After announcing Android app streaming on Chromebooks in early 2022, the feature is finally here. Or at least it is for a few select Android phones. I happen to have Google Pixel 7 Pro, which is a supported phone so I set up this new feature. Here’s how to use Android app streaming on Chromebooks and what the experience is like. I’m still not sold on it being that useful for me, but I realize that many others will be thrilled when it comes to their Android phone.
What is Android app streaming on Chromebooks?
Before getting to the setup and usage process, it’s worth a quick recap on what this feature is. Essentially, if you have a supported Android phone, you can view and use the phone’s apps on your Chromebook.
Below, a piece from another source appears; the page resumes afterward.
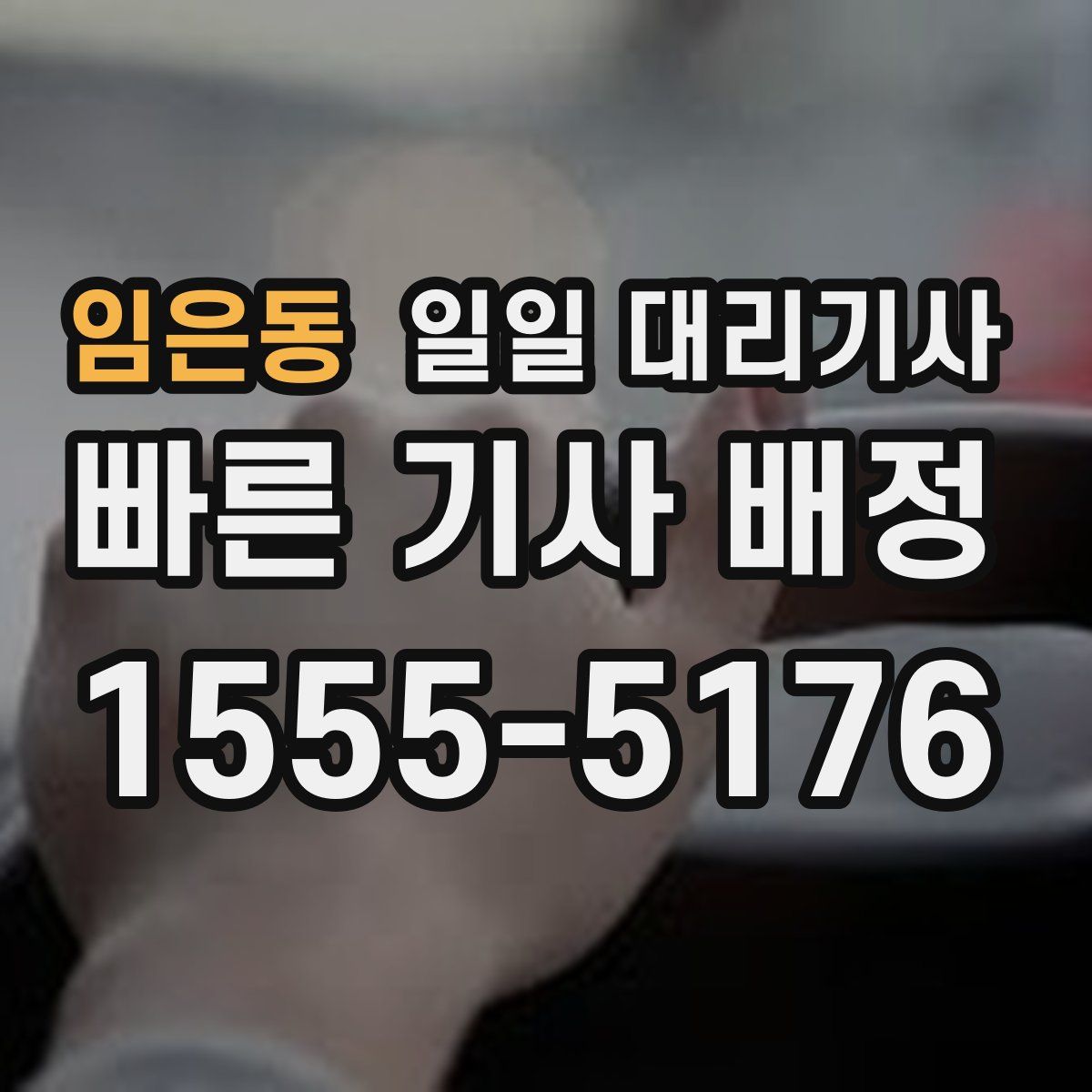 임은동 일일 대리기사
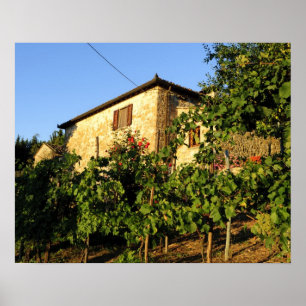 Italy, Tuscany, Greve. Late summer wine scenes Poster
This is different from installing and using Android apps directly on a Chromebook. With app streaming, the software is running on your phone. Your Chromebook will display the phone app like a remote connection to another device. Using a Chromebook, you can open and use the apps on your handset or, receive and act upon phone notifications.
Again, the rollout is currently limited to specific Android devices. A Google Pixel 4A and up will work here as will the Xiaomi 12T, 12T Pro, 13, and 13 Pro handsets. And you need to have Android 13 or better on the supported phone for Android app streaming on Chromebooks as well.
I’m not surprised that Google Pixel phones work here but I didn’t expect to see Xiaomi phones. Handsets from this Chinese brand aren’t easy to find in the U.S. Perhaps Google is including the Xiaomi line to get some testing input from overseas?
How to setup Android app streaming on a Chromebook
Provided you have a supported handset and Android 13 installed on it, the setup process is rather simple. More so if you already have the ChromeOS Phone Hub enabled and linked to a phone.
I did not, so I first had to click the Phone Hub tray icon on my Chromebook to start the process.
Make sure you have Wi-Fi and Bluetooth enabled for both your Chromebook and your Android phone. This isn’t required for Phone Hub, however, it is needed for the Android app streaming. I didn’t realize that and I typically don’t have Bluetooth enabled on my laptop or my phone. Switching them both on completed the setup process for me.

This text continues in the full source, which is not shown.